### What you need to do:
In the records below, the relevant part opens with the line containing "Terrain de l’hébergement" and closes with the line containing "Indian rhinoceros calf"; print that part exactly and only, without its pictures.

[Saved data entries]

--

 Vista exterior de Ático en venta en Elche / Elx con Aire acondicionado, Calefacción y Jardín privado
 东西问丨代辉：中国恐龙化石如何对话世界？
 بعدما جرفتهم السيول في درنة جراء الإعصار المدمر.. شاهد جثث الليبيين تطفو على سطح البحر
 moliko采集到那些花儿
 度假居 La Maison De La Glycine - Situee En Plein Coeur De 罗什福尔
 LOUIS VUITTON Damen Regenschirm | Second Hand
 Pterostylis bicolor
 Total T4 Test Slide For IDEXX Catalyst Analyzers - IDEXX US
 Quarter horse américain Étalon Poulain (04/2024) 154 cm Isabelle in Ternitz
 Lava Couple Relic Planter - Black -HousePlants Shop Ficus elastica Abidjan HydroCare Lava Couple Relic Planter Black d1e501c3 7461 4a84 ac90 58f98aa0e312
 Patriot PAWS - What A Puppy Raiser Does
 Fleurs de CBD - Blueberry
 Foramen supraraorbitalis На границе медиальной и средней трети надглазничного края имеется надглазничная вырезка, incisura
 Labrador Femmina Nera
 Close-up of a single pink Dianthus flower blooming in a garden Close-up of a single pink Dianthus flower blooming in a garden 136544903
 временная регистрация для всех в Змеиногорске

--

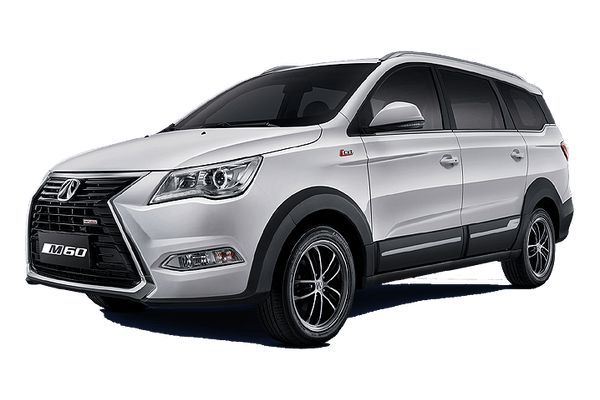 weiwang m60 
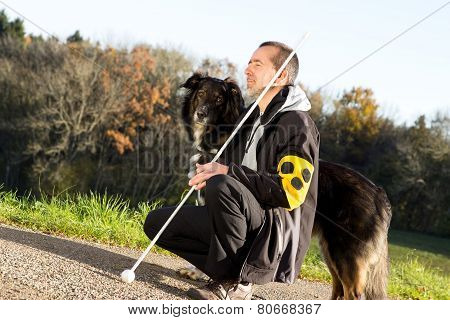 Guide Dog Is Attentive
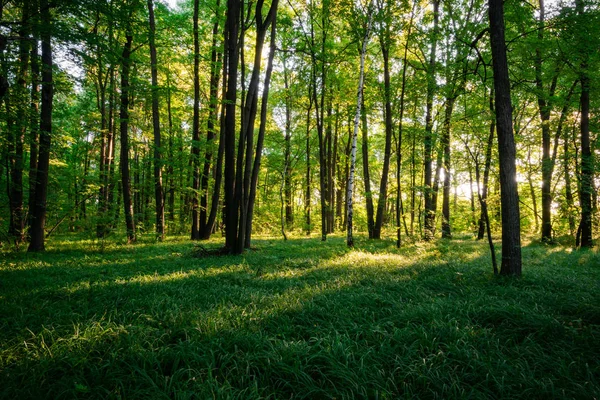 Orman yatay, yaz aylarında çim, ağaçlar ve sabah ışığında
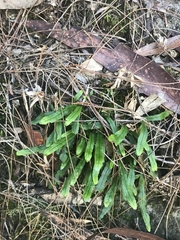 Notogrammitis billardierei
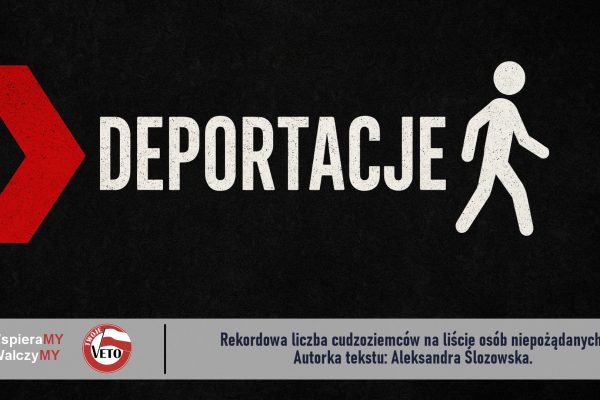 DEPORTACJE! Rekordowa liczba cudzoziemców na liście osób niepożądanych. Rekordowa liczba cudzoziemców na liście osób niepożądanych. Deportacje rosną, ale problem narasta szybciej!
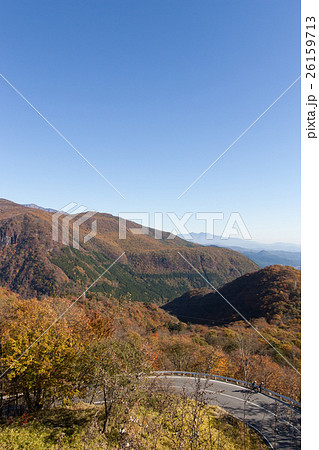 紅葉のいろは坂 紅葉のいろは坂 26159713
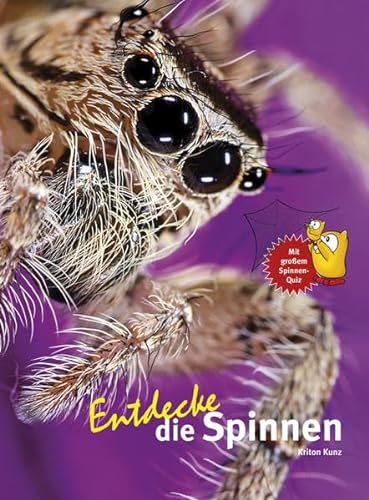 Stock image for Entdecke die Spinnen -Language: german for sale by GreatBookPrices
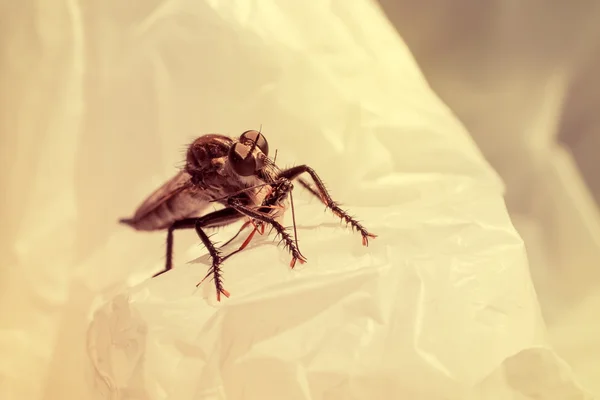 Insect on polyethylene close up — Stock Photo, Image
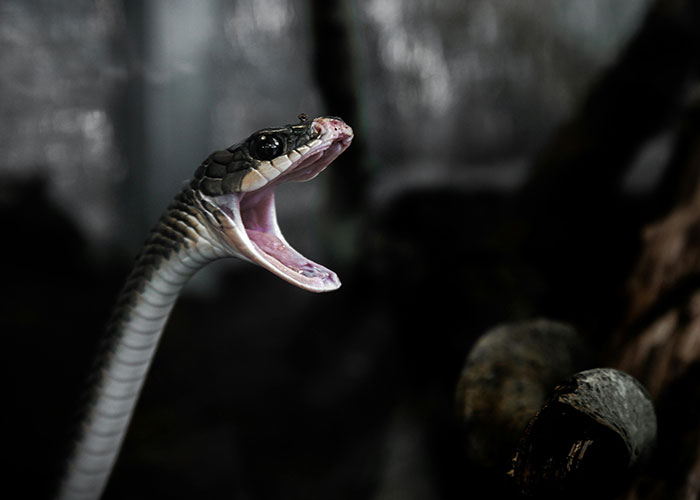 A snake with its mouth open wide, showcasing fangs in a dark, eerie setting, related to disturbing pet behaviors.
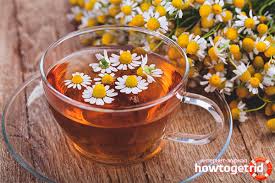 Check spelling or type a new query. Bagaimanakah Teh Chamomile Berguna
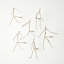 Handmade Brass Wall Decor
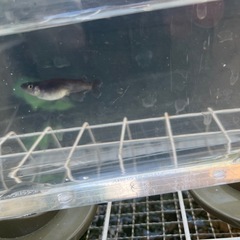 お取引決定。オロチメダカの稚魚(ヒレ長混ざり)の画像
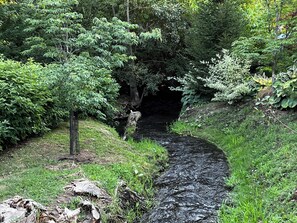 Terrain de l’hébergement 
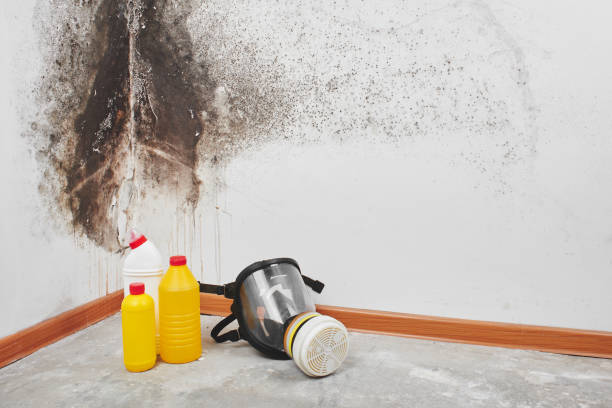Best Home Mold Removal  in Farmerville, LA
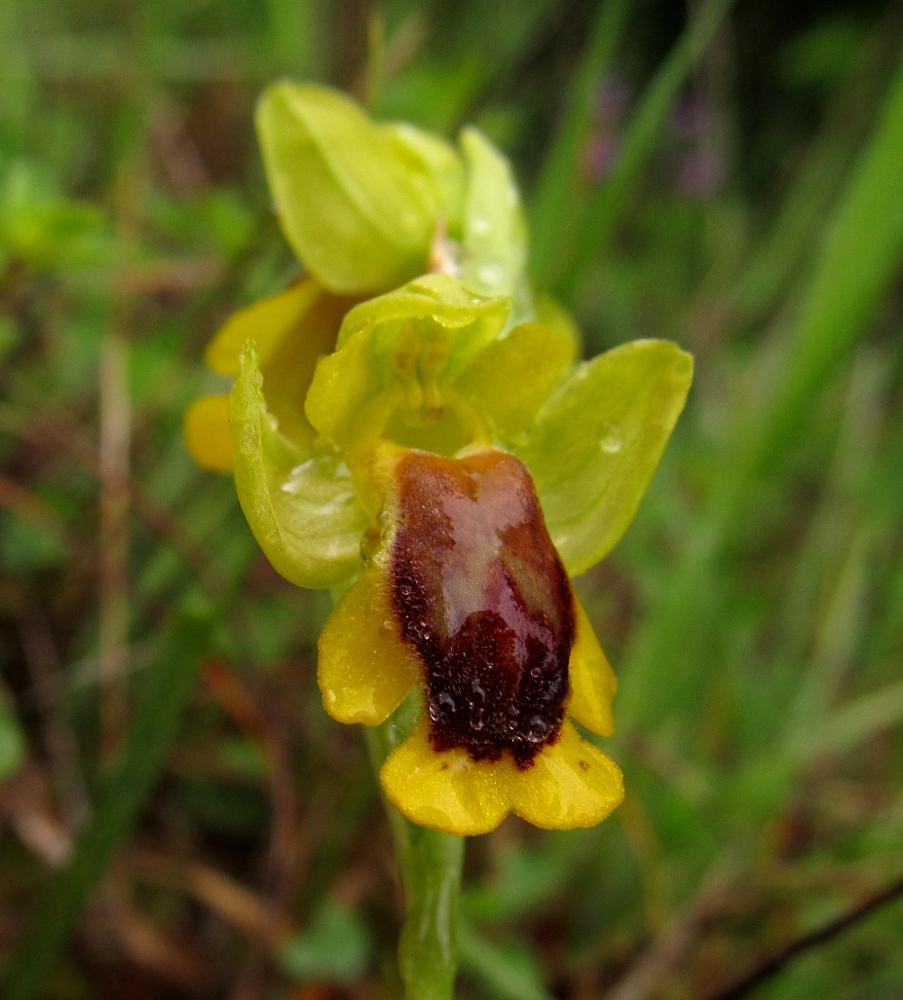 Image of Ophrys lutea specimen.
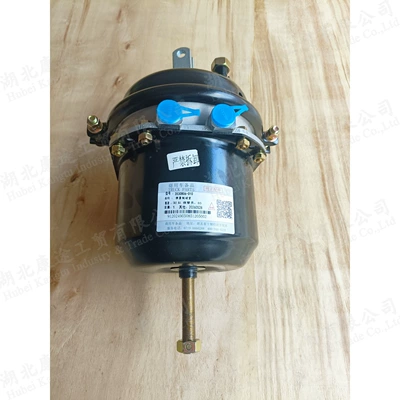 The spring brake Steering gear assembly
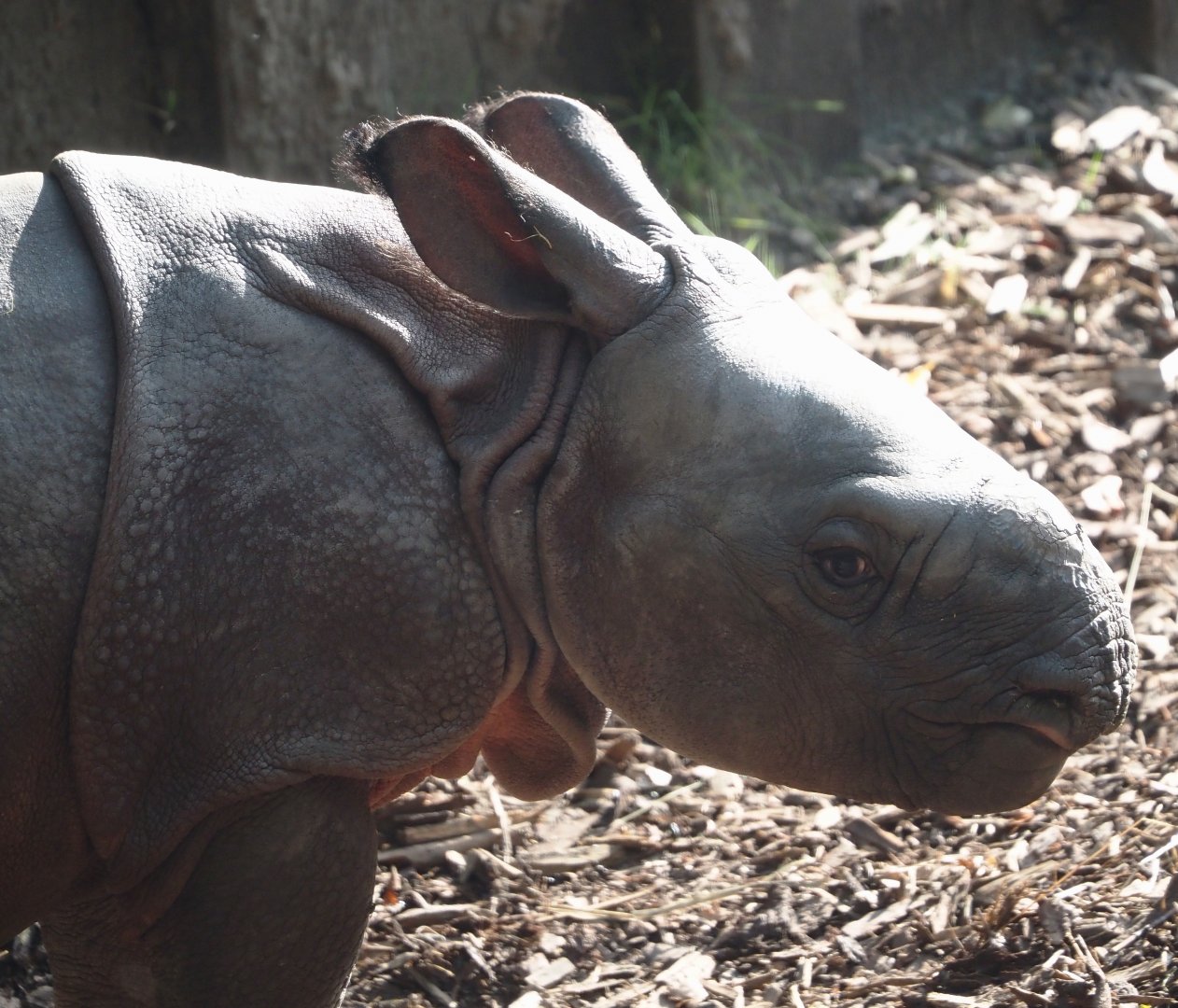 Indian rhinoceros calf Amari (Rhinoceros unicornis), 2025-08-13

--

### Exercise response:
 Terrain de l’hébergement 
Best Home Mold Removal  in Farmerville, LA
 Image of Ophrys lutea specimen.
 The spring brake Steering gear assembly
 Indian rhinoceros calf Amari (Rhinoceros unicornis), 2025-08-13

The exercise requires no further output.